> Listed records

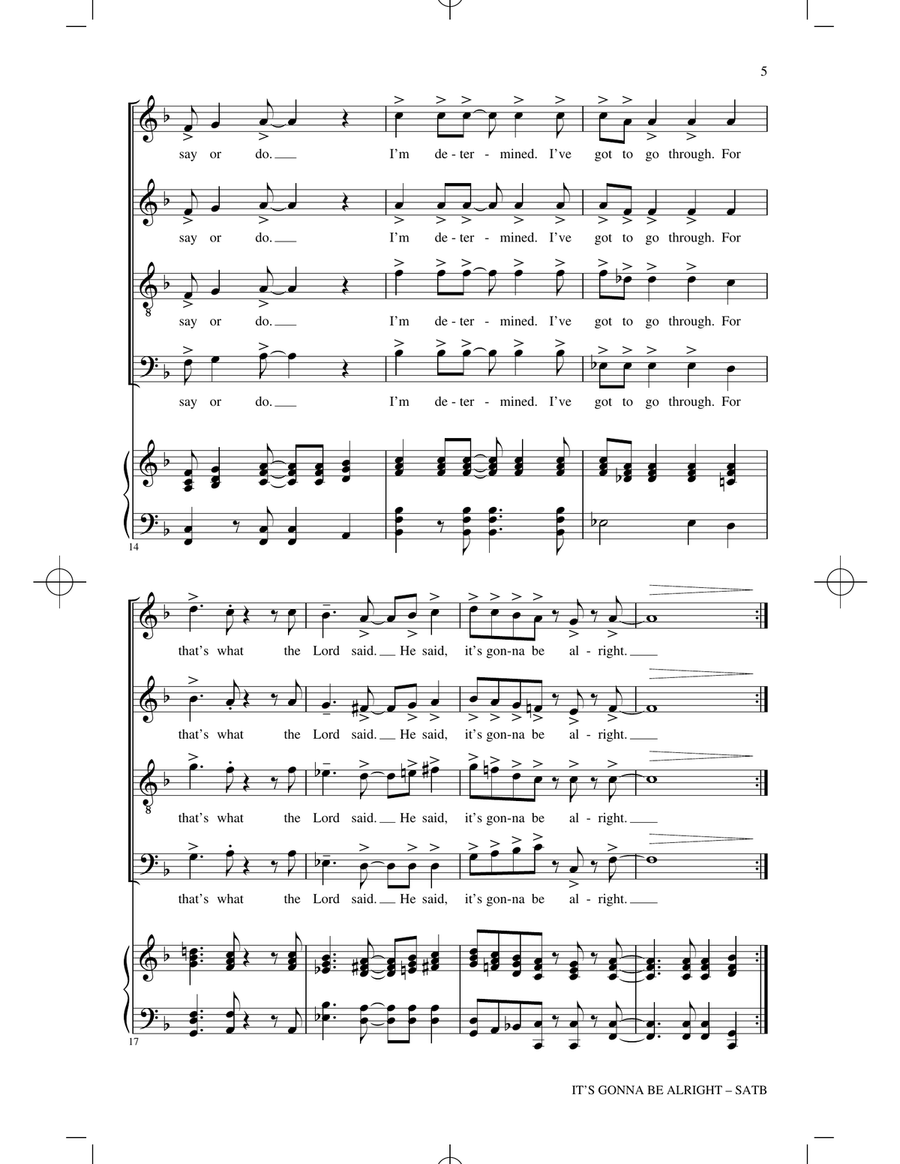 It's Gonna Be Alright It's Gonna Be Alright 4-Part scores gallery preview page 3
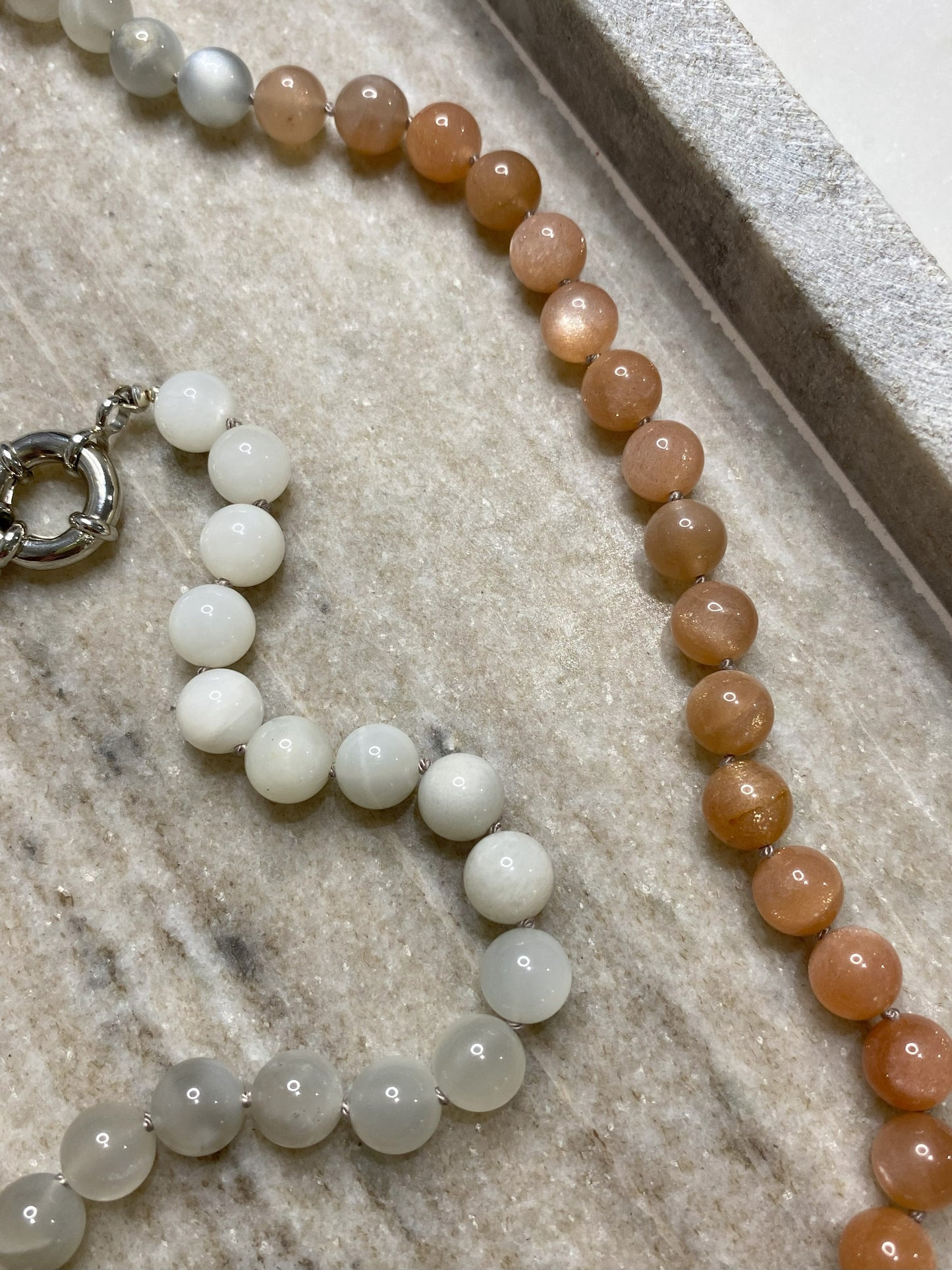 8mm Multi-Color Moonstone Necklace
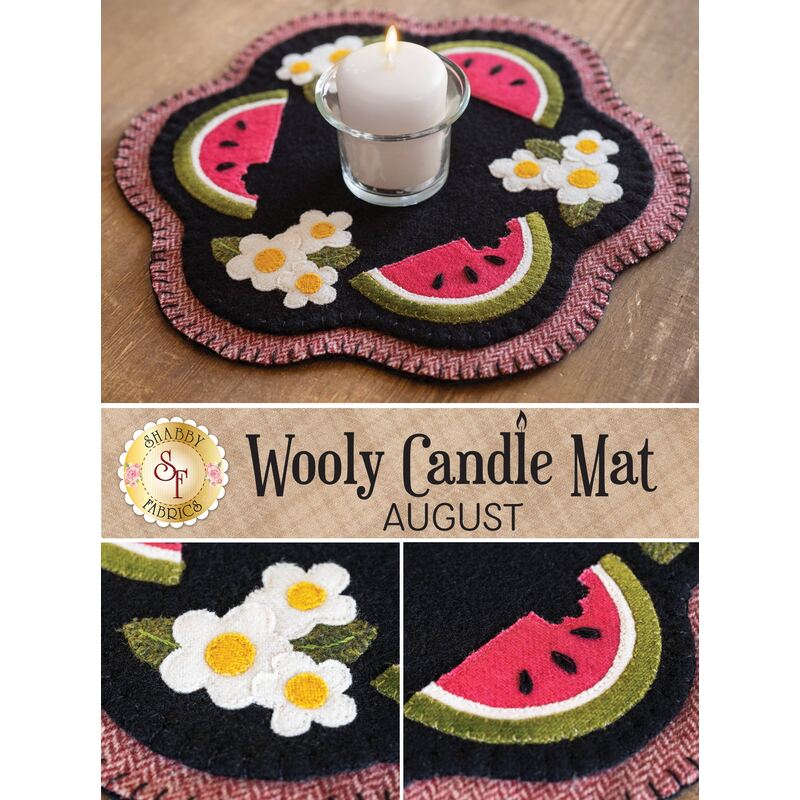 Scalloped wool mat with darling little flowers and slices of watermelon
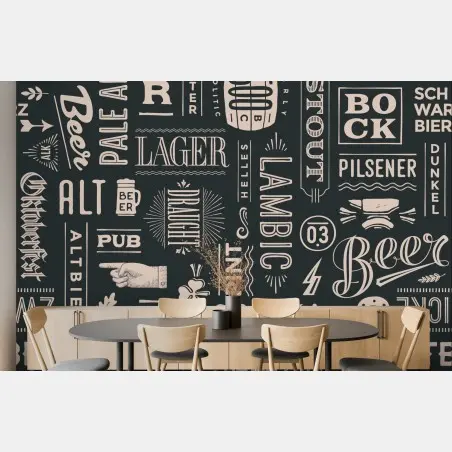 Papier peint ambiance pub rétro : lettrage bière et étiquettes – Wallnifity®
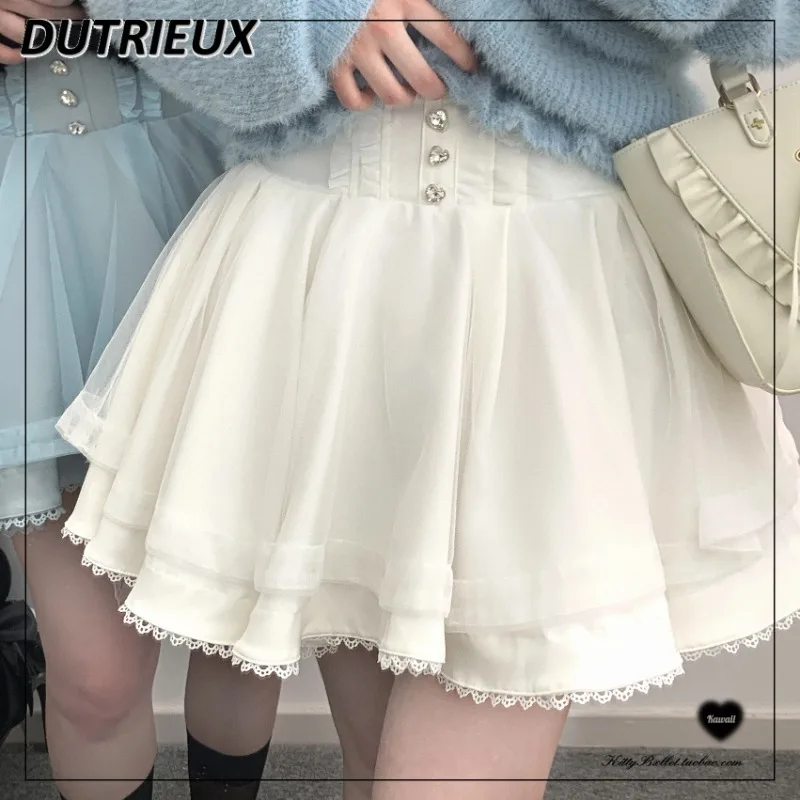 Sweet and Cute Girl High Waist Lace-up A-line Short Skirt Summer Japanese Mine Diamond Buckle Big Swing Yarn Mini Skirts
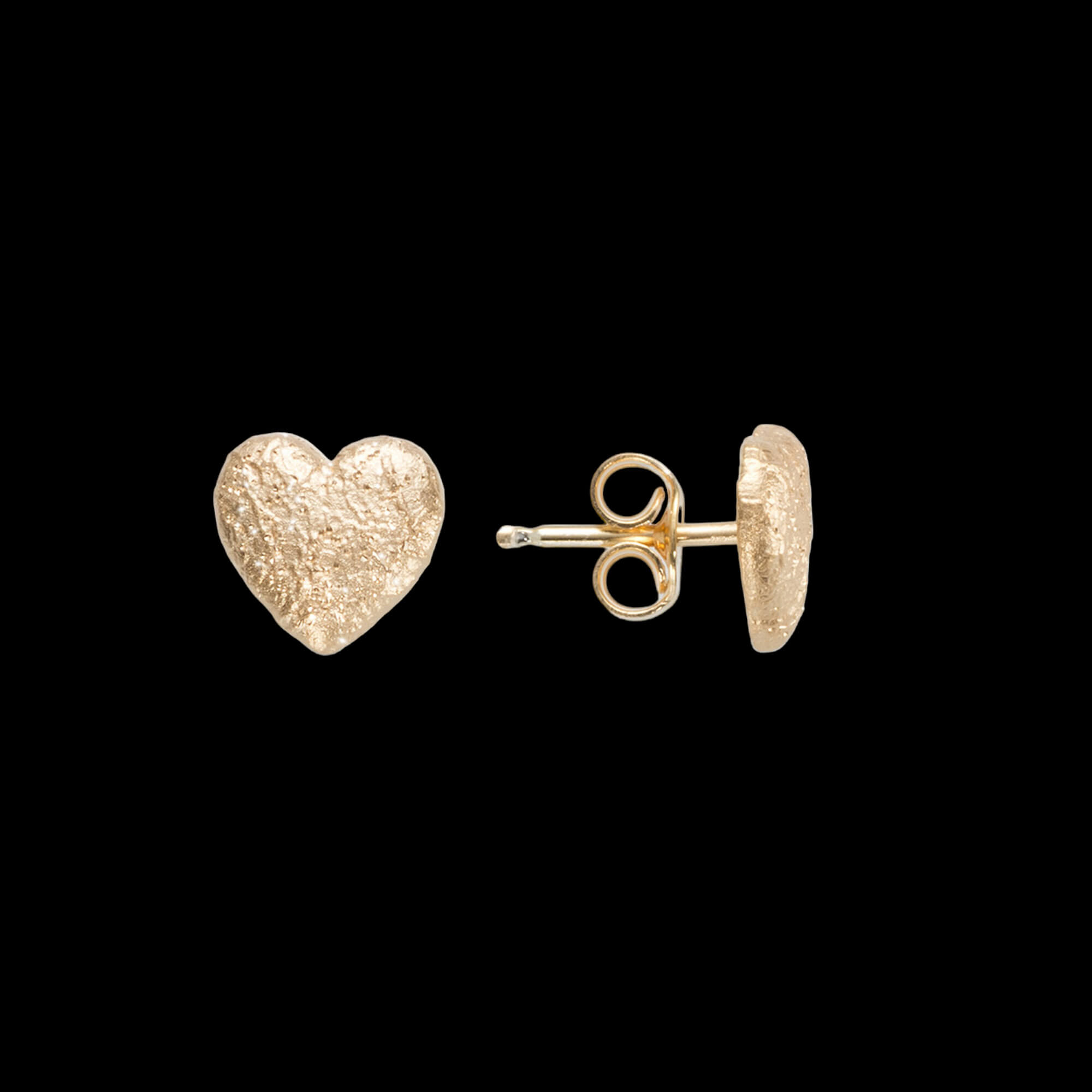 Mini gilt hearts earrings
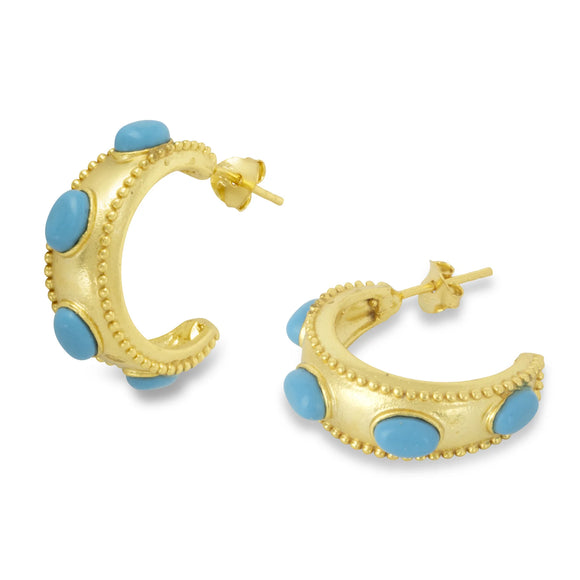 Small Turquoise Hoops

> Required work
What I need is every record written out exactly, minus the pictures.

> Final answer
 It's Gonna Be Alright It's Gonna Be Alright 4-Part scores gallery preview page 3
 8mm Multi-Color Moonstone Necklace
 Scalloped wool mat with darling little flowers and slices of watermelon
 Papier peint ambiance pub rétro : lettrage bière et étiquettes – Wallnifity®
 Sweet and Cute Girl High Waist Lace-up A-line Short Skirt Summer Japanese Mine Diamond Buckle Big Swing Yarn Mini Skirts
 Mini gilt hearts earrings
 Small Turquoise Hoops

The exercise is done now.